Samarkand being only a 35km taxi ride away from the frontier with Tajikistan, we decided to spend a few days in this next "Stan. We drove past fields of cotton (“the white gold” of Uzbekistan and picked partly by forced labour) which gave way to biscuit-coloured hills nibbled by goats. Houses, built with bricks of mud, straw and water, had fast-growing poplars (for timber) outside their perimeter walls, fruit trees within. Life in the countryside looked very different to that in the cities, it felt as if we were in a time machine set at a date several centuries in the past.


Arriving at the border post, we easily cleared Uzbek customs and then walked through a long, lonely no-mans land up to the Tajik border post. Armed guards and ferocious-looking dogs eyed us suspiciously. In the distance we could already hear the clamour of Tajiks trying to push through the gates on the other side, beseeching the single customer officer stationed there to let them through and offering him their passports as if they were bribes. It was chaotic and we wondered why they were in such a hurry to leave Tajikistan behind (we were soon to find out). But meantime, we had some problems of our own.


Handing over my British passport, the customs officer informed me that I needed a visa. Google confirmed this was the case and I silently swore at myself for not having checked. Luckily, there was a solution. Google also informed me that no visa was required with a European Union passport and so I handed over my French passport. Now he was confused. Two passports? How come? He called his superior who arrived and who then proceeded to meticulously check both.

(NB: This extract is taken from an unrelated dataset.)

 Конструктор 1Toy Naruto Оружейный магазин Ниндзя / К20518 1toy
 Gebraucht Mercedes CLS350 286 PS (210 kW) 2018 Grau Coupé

«How come you have two passports?», he continued. I explained that French nationality came through marriage and that dual citizenship is not uncommon in Europe.


«Sir, you leave Uzbekistan with a British passport and want to enter Tajikisan with French passport?»


«Yes», I replied, «is there a law against that?»


He didn’t know but he was going to find out and made some quick calls, then paced around his office looking intently at both passports as if the right answer would pop out from them at any moment.


Finally, he handed both passports back to his subordinate and left. The subodinate waited a while and then called his chief on the phone to as what to do as we waited with bated breath. To our relief, he then stamped the French passport and welcomed us to his country.


We still had to negotiate the crowd still baying at the gate to get through to the other side and then finally we were in Tajikistan. United with our Tajik driver, Rachid, whom we had found on the internet, we set off to the main tourist attraction in the area, the Seven Lakes, in his beaten-up Opel. Hs was going to drive us there and back for 80 US dollars, less than half of what a travel agency in Samarkand had quoted us for the same trip.


First, we needed to get some local currency and buy some food supplies in the nearest town, Panjakent. At a key crossroads, this ancient city has been a melting pot of Silk Road cultures, with Zoroastrians, Buddhists, Manicheans and Nestorian Christians all passing through and staying awhile. Well-preserved, the original street grid is intact, though the bustle – apart from at the bazaar - has long since gone.


We abandoned the idea of queuing at an ATM when we saw a long line of people waiting at each of them. Apparently, one could only withdraw a maximum of 20 US dollars a day and there was a frenzy each morning to get the cash before the ATM’s ran dry. Rachid advanced us some somoni, the local currency, to buy some meat pasties, bread, water and fruit at the local market. Then we were finally off.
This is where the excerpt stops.